● **How to complete this task**
Print the data below again in full, exactly as it stands, with no images.

Source records START

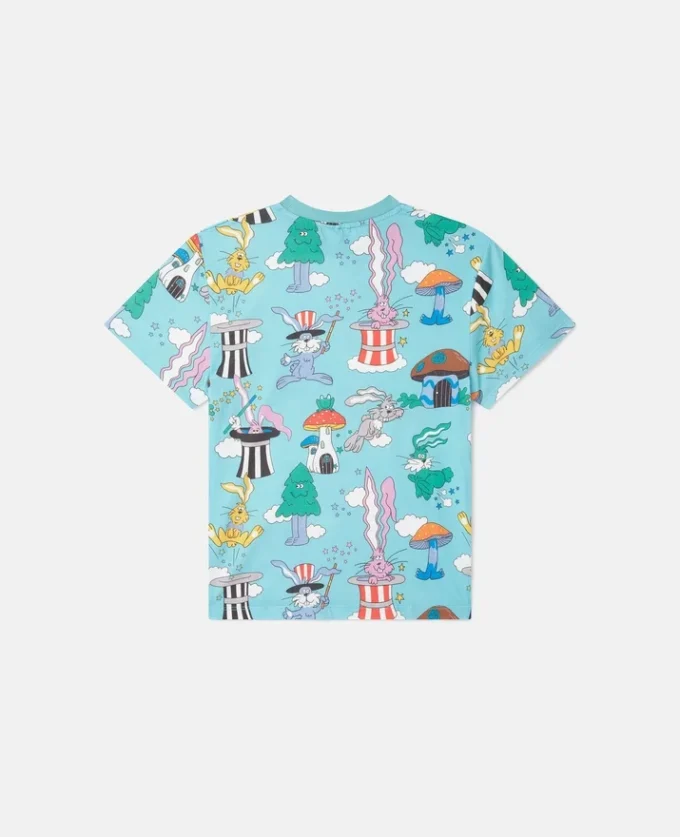 T-shirt à col rond imprimé lapin Magicians T-shirt à col rond imprimé lapin Magicians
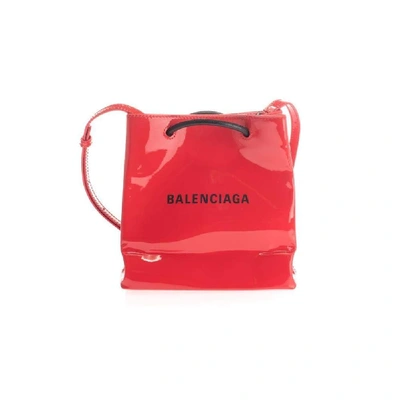 Shop Balenciaga Women's Red Leather Shoulder Bag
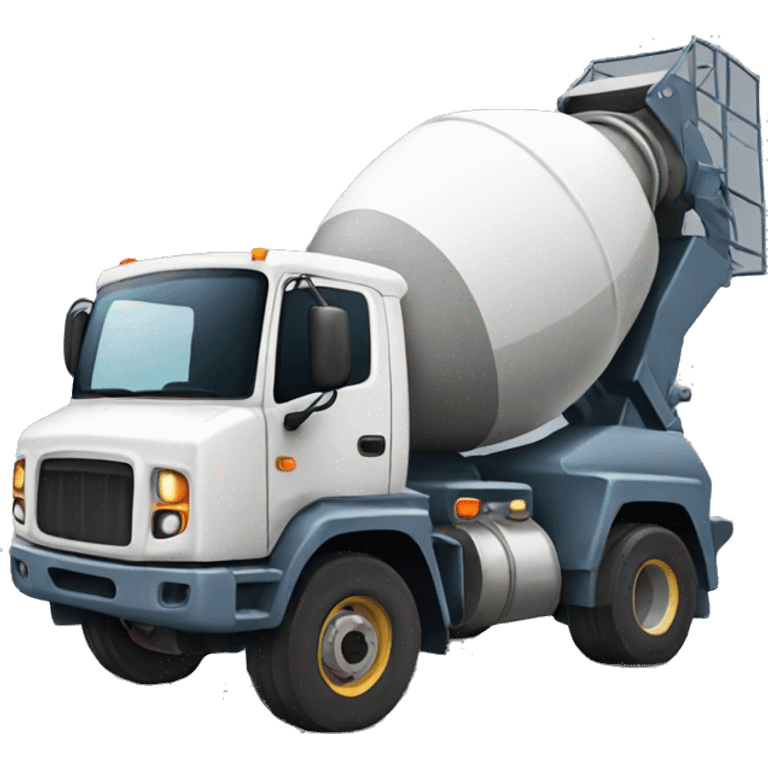 Concrete mixer emoji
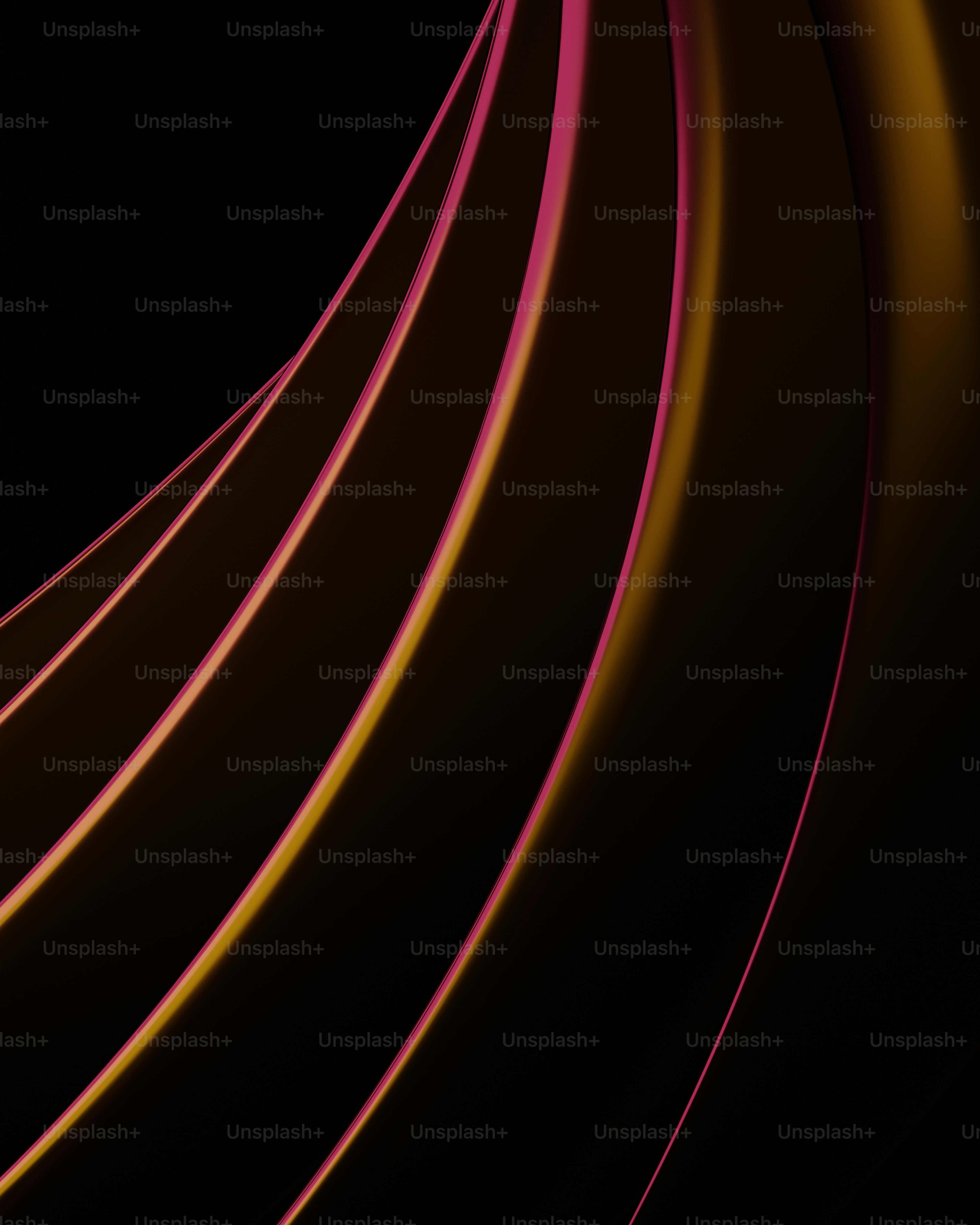 A black background with pink and yellow lines photo – Screen saver ...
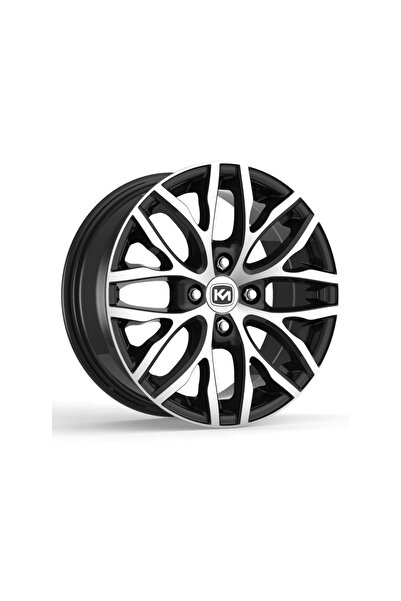 LJAPPLIED LJA-ADY465-03 6.5x15" 4x100 ET35 67.1 Black Diamond 15 İnç Jant Tak...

Source records END

● **Response to this task**
 T-shirt à col rond imprimé lapin Magicians T-shirt à col rond imprimé lapin Magicians
 Shop Balenciaga Women's Red Leather Shoulder Bag
 Concrete mixer emoji
 A black background with pink and yellow lines photo – Screen saver ...
 LJAPPLIED LJA-ADY465-03 6.5x15" 4x100 ET35 67.1 Black Diamond 15 İnç Jant Tak...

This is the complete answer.